Image: Replica of first transistor from Wikipedia

 

How has IBM research changed?

20111207-204420.jpg
IBM Neuromorphic Chip (from Wired story)

What does Watson, Neuromorphic chips and race track memory have in common. They have all emerged out of IBM research labs.

I have been wondering for some time now how it is that a company known for it’s cutting edge research but lack of product breakthrough has transformed itself into an innovation machine.

There has been a sea change in the research at IBM that is behind the recent productization of tecnology.

Talking the past couple of days with various IBMers at STGs Smarter Computing Forum, I have formulate a preliminary hypothesis.

At first I heard that there was a change in the way research is reviewed for product potential. Nowadays, it almost takes a business case for research projects to be approved and funded. And the business case needs to contain a plan as to how it will eventually reach profitability for any project.

In the past it was often said that IBM invented a lot of technology but productized only a little of it. Much of their technology would emerge in other peoples products and IBM would not recieve anything for their efforts (other than some belated recognition for their research contribution).

Nowadays, its more likely that research not productized by IBM is at least licensed from them after they have patented the crucial technologies that underpin the advance. But it’s just as likely if it has something to do with IT, the project will end up as a product.
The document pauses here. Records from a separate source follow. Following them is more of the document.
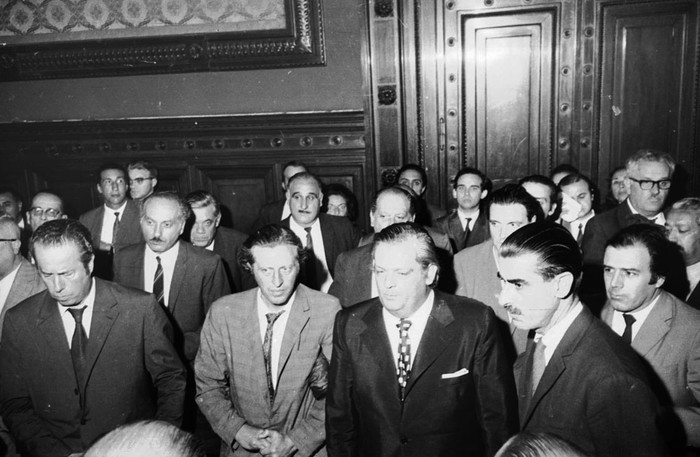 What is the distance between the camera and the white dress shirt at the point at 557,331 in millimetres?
1966

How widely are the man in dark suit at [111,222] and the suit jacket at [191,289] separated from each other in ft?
4.46

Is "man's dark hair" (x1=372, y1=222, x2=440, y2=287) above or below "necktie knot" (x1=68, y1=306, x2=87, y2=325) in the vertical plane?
above

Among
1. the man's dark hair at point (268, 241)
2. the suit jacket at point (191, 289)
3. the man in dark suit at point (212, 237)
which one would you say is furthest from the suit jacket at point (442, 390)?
the man in dark suit at point (212, 237)

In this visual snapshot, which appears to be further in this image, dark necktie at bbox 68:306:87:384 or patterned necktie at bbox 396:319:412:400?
dark necktie at bbox 68:306:87:384

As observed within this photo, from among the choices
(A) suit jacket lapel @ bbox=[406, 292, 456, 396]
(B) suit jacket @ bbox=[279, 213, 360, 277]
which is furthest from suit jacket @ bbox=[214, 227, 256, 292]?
(A) suit jacket lapel @ bbox=[406, 292, 456, 396]

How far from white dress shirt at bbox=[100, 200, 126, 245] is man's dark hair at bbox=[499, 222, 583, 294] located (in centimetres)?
400

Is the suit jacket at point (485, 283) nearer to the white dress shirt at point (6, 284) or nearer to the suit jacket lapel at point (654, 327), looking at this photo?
the suit jacket lapel at point (654, 327)

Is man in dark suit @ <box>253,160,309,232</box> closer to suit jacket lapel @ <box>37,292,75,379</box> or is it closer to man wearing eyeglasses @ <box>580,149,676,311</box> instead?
man wearing eyeglasses @ <box>580,149,676,311</box>

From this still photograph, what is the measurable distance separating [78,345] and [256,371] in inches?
32.1

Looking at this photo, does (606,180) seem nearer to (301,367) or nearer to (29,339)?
(301,367)

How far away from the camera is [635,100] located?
5.53m

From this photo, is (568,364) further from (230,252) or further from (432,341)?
(230,252)

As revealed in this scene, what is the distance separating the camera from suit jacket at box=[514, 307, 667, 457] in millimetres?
1701

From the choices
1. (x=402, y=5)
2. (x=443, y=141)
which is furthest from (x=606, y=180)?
(x=402, y=5) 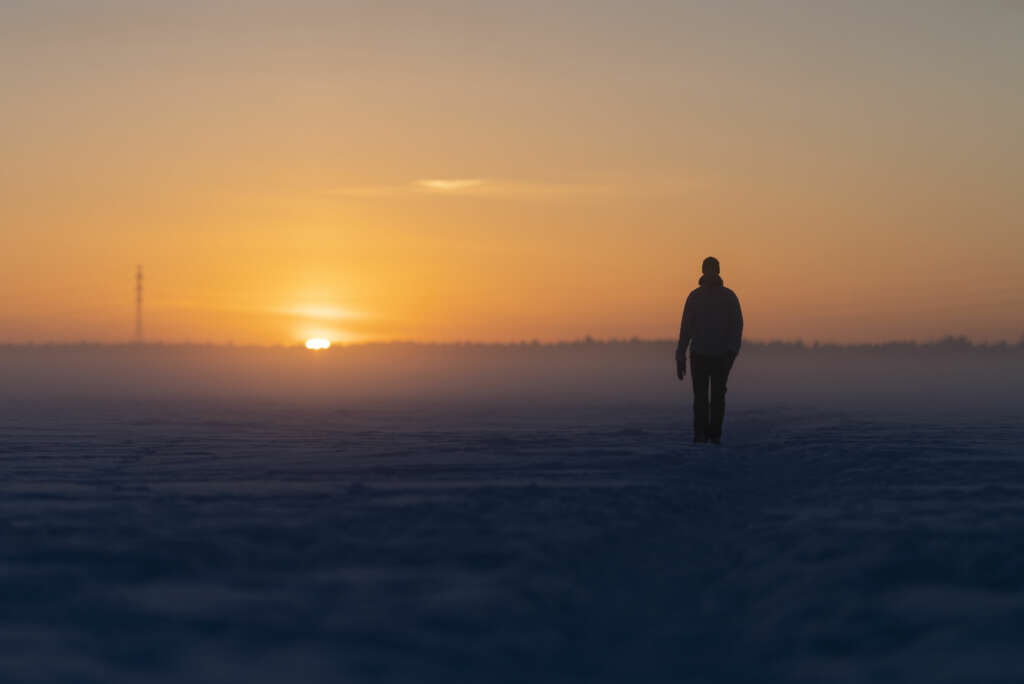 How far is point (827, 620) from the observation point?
4699mm

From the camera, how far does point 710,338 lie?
Result: 11.7 metres

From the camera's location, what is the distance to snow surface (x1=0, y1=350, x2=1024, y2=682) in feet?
14.0

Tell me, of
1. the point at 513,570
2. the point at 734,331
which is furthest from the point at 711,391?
the point at 513,570

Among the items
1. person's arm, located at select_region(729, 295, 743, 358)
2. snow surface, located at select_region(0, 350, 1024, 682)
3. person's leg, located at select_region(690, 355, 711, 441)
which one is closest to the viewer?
snow surface, located at select_region(0, 350, 1024, 682)

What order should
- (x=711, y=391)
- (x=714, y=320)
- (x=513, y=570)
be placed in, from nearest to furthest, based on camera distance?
1. (x=513, y=570)
2. (x=714, y=320)
3. (x=711, y=391)

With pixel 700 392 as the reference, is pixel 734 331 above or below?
above

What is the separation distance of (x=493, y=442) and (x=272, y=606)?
24.4 feet

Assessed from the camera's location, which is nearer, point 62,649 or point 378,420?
point 62,649

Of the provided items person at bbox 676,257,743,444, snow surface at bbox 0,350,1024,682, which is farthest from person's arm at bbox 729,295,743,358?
snow surface at bbox 0,350,1024,682

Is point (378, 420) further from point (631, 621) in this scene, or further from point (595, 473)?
point (631, 621)

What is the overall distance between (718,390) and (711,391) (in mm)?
95

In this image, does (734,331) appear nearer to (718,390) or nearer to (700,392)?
(718,390)

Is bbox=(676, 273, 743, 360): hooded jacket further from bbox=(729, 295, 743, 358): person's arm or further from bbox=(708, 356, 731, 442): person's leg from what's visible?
bbox=(708, 356, 731, 442): person's leg

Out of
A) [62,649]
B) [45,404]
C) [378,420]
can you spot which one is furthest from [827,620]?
[45,404] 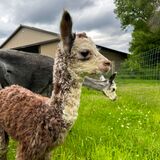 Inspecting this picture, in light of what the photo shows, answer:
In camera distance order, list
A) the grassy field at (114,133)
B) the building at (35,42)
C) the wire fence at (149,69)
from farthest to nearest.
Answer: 1. the building at (35,42)
2. the wire fence at (149,69)
3. the grassy field at (114,133)

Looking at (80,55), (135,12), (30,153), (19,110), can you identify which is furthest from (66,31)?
(135,12)

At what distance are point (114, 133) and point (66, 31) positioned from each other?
3.07 m

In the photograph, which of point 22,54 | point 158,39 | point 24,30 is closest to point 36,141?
point 22,54

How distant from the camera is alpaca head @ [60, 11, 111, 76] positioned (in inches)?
164

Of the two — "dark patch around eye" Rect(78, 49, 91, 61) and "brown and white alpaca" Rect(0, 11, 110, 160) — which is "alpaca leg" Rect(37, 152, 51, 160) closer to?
"brown and white alpaca" Rect(0, 11, 110, 160)

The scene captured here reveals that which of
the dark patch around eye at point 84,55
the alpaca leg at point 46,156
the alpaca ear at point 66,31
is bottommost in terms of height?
the alpaca leg at point 46,156

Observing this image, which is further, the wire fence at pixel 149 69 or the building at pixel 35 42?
the building at pixel 35 42

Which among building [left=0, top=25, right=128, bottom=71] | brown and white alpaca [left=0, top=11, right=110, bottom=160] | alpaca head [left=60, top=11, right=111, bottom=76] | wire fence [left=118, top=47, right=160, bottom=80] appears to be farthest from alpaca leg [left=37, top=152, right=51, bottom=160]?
building [left=0, top=25, right=128, bottom=71]

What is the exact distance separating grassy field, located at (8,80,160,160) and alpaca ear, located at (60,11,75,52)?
1643 millimetres

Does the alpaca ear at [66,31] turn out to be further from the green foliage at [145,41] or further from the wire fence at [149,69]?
the green foliage at [145,41]

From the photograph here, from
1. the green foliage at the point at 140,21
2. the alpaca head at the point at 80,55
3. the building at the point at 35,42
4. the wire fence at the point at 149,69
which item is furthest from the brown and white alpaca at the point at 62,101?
the green foliage at the point at 140,21

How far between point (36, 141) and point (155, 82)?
376 inches

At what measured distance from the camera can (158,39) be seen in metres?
40.8

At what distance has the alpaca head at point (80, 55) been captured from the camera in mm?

One executive at STG sees three phases to IBM research spanning the last 50 years or so.

Phase I The ivory tower:

IBM research during the Ivory Tower Era looked a lot like research universities but without the tenure of true professorships. Much of the research of this era was in materials and pure mathematics.

I suppose one example of this period was Mandlebrot and fractals. It probably had a lot of applications but little of them ended up in IBM products and mostly it advanced the theory and practice of pure mathematics/systems science.

Such research had little to do with the problems of IT or IBM’s customers. The fact that it created pretty pictures and a way of seeing nature in a different light was an advance to mankind but it didn’t have much if any of an impact to IBM’s bottom line.

Phase II Joint project teams

In IBM research’s phase II, the decision process on which research to move forward on now had people from not just IBM research but also product division people. At least now there could be a discussion across IBM’s various divisions on how the technology could enhance customer outcomes. I am certain profitability wasn’t often discussed but at least it was no longer purposefully ignored.

I suppose over time these discussions became more grounded in fact and business cases rather than just the belief in the value of the research for research sake. Technological roadmaps and projects were now looked at from how well they could impact customer outcomes and how such technology enabled new products and solutions to come to market.

Phase III Researchers and product people intermingle

The final step in IBM transformation of research involved the human element. People started moving around.

Researchers were assigned to the field and to product groups and product people were brought into the research organization. By doing this, ideas could cross fertilize, applications could be envisioned and the last finishing touches needed by new technology could be envisioned, funded and implemented. This probably led to the most productive transition of researchers into product developers.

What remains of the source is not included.